Like most of Jacqueline Susann's characters, Robin Stone is allegedly based on a real-life individual. In this instance, the late CBS TV executive James T. Aubreythe man we can thank for The Beverly Hillbillies and a host of other fragrantly lowbrow moneymakers during the '60s. Like his movie counterpart, Aubrey is said to have been a calculatingly shrewd cookie who held the TV-viewing audience in the lowest contempt and made a fortune banking on the public's insatiable appetite for mediocrity. Judging by the popularity of today's Jersey Shore/Kardashians train wrecks, you can't say the guy wasn't something of a visionary.
The Love Machine
In all but the most archly ironic circumstances, Jackie Susann failed to get the public to adopt "dolls" as popular slang for barbiturates.

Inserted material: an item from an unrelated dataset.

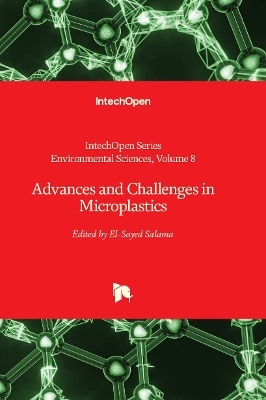 Advances and Challenges in Microplastics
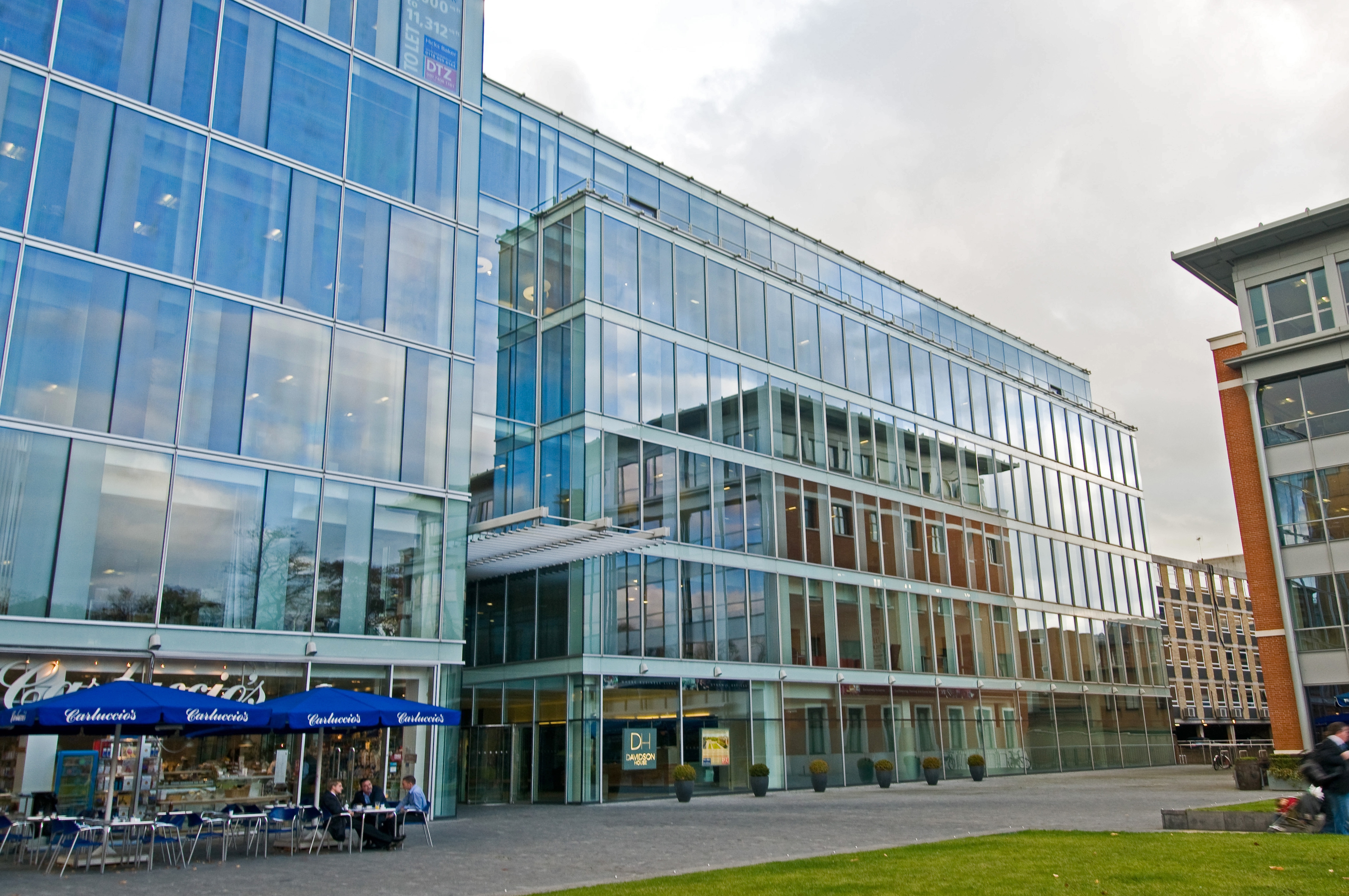Photo of Regus Reading Forbury Square, Cheltenham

Her efforts getting "The Love Machine" into the vernacular as slang for TV sets (because it "sells love, creates desire"...you see) fared even worse.

WHAT I LOVE ABOUT THIS FILM
My fondness for a specific brand of bad film is as difficult to explain as it is to defend. It's not like I just get off on making fun of them. On the contrary, most of these films are very professional, technically well-made films in every regard. What I think I respond to is that scary zone in the creative arts where the attempt fails to match the execution. That twilight zone where all the talent, creativity, and hard work on one end somehow yields the 100% opposite of what anyone intended. It fascinates me because it can occur at any moment, no matter how heavily the deck is stacked for success. For example, consider Marlon Brando putting cotton in his cheeks in The Godfather. That could have turned out disastrous, but instead became iconic. Or what about Al Pacino's Cuban accent in Scarface. What an enormous risk that was! It would have derailed the entire picture if audiences found it ridiculous and started to chuckle whenever he spoke.  
No,  this isn't a shot of Robin Stone visiting Pee Wee's Playhouse.
This is just a horrific example of chic '70s decor.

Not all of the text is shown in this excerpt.